## EXERCISE OBJECTIVE
Transcribe each entry so that it matches the original exactly.

*** Opening AVAILABLE DATA ***

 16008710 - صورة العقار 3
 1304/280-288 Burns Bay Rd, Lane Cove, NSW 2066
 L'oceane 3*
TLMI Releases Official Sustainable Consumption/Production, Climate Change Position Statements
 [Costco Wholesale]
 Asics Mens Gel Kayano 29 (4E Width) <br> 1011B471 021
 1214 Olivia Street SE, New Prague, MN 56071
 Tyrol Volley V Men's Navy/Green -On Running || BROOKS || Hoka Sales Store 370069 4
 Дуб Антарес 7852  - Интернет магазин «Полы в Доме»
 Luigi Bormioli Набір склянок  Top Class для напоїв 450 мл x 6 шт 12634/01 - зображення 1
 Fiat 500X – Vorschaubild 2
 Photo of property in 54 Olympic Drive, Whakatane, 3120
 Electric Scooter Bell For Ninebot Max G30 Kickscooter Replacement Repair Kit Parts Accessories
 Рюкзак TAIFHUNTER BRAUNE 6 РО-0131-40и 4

*** Closing AVAILABLE DATA ***

## ANSWER AREA
 16008710 - صورة العقار 3
 1304/280-288 Burns Bay Rd, Lane Cove, NSW 2066
 L'oceane 3*
TLMI Releases Official Sustainable Consumption/Production, Climate Change Position Statements
 [Costco Wholesale]
 Asics Mens Gel Kayano 29 (4E Width) <br> 1011B471 021
 1214 Olivia Street SE, New Prague, MN 56071
 Tyrol Volley V Men's Navy/Green -On Running || BROOKS || Hoka Sales Store 370069 4
 Дуб Антарес 7852  - Интернет магазин «Полы в Доме»
 Luigi Bormioli Набір склянок  Top Class для напоїв 450 мл x 6 шт 12634/01 - зображення 1
 Fiat 500X – Vorschaubild 2
 Photo of property in 54 Olympic Drive, Whakatane, 3120
 Electric Scooter Bell For Ninebot Max G30 Kickscooter Replacement Repair Kit Parts Accessories
 Рюкзак TAIFHUNTER BRAUNE 6 РО-0131-40и 4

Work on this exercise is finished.